ARTURO BORTOLUZZI - 18/04/2025

Due argomenti hanno stuzzicato la mia attenzione. Il primo riguarda la presentazione di un progetto di “Citizen science” dedicato alla “conservazione delle foreste e alla resilienza climatica” fatta presso la sala consiliare di Rancio Valcuvia dove si sono trovati amministratori pubblici comunitari e semplici cittadini.

Più palme cinesi, allori, ailanti e meno faggi, castagni, betulle. Una mutazione percentualmente ancora minima, ma che all’occhio del tecnico dice una cosa sola: i boschi del Varesotto si stanno ammalando e la faccenda non è solo per addetti ai lavori. «Un altro esempio? Aumenta la presenza del picchio, uccello bellissimo e dall’inconfondibile rumore provocato dal becco che percuote il tronco per farsi il nido e cercare insetti. Lo fa solo su alberi morti e questo insegna che il bosco invecchia». Federico Pianezza, funzionario dell’area Agricoltura e Foreste di Comunità Montana Valli del Verbano, va oltre il dato pur preoccupante di una copertura boschiva sempre meno in salute: «Se da parchi e giardini storici arrivano col vento e con l’aumento delle temperature medie i semi di essenze non autoctone e capaci di soffocare le altre significa che piano piano cambia il modo stesso di reagire del bosco davanti ai cambiamenti climatici, agli eventi atmosferici e agli incendi. Tipico il caso della palma cinese, favorita da un clima sempre più caldo-umido tropicale, che non ha un tronco legnoso, ma erbaceo che prende fuoco facilmente. E sappiamo quanti danni possa causare un incendio in un bosco».
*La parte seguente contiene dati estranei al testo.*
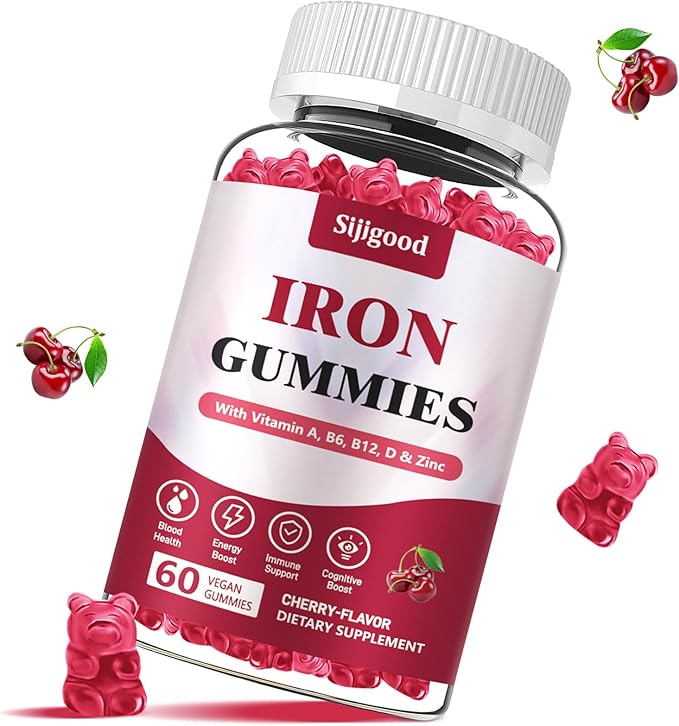 Vegan Iron Supplement for Women, with Vitamin A, C, B6, B12, Folate and Zinc, Energy Boost, Sugar Free, No After Taste - Delicious Cherry Flavor, 60 Count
Ancor più nel contesto delle Valli del Verbano dove il bosco copre in media oltre il 60 per cento del territorio e fino al 90 all’estremo nord della provincia. A questa situazione preoccupante si potrà porre rimedio anche tramite la collaborazione di cittadini coinvolti grazie a queste iniziative. Altro argomento è quello inerente la condizione del cedro del Libano di Villa Mirabello a Varese, che sta soffrendo di una cattiva gestione delle cure a cui era stato affidato. Su uno dei suoi tronchi – una grossa branca – le cinghie fissate alcuni anni fa per evitare che una fenditura si ampliasse, feriscono la pianta. La denuncia di questo accadimento è stata fatta dall’esimio agronomo cittadino Daniele Zanzi. Ciò mette molta preoccupazione sulla gestione delle alberature monumentali da parte del Comune di Varese: io, tramite l’associazione che rappresento, ho chiesto novità, anche a seguito degli accadimenti atmosferici che hanno pesantemente coinvolto i parchi della Città Giardino, agli uffici competenti. I cittadini, anche come nel progetto di Citizen science, devono farsi sentire con la massima sollecitudine ed anche con la tranquillità di poter essere, se necessario, ascoltati.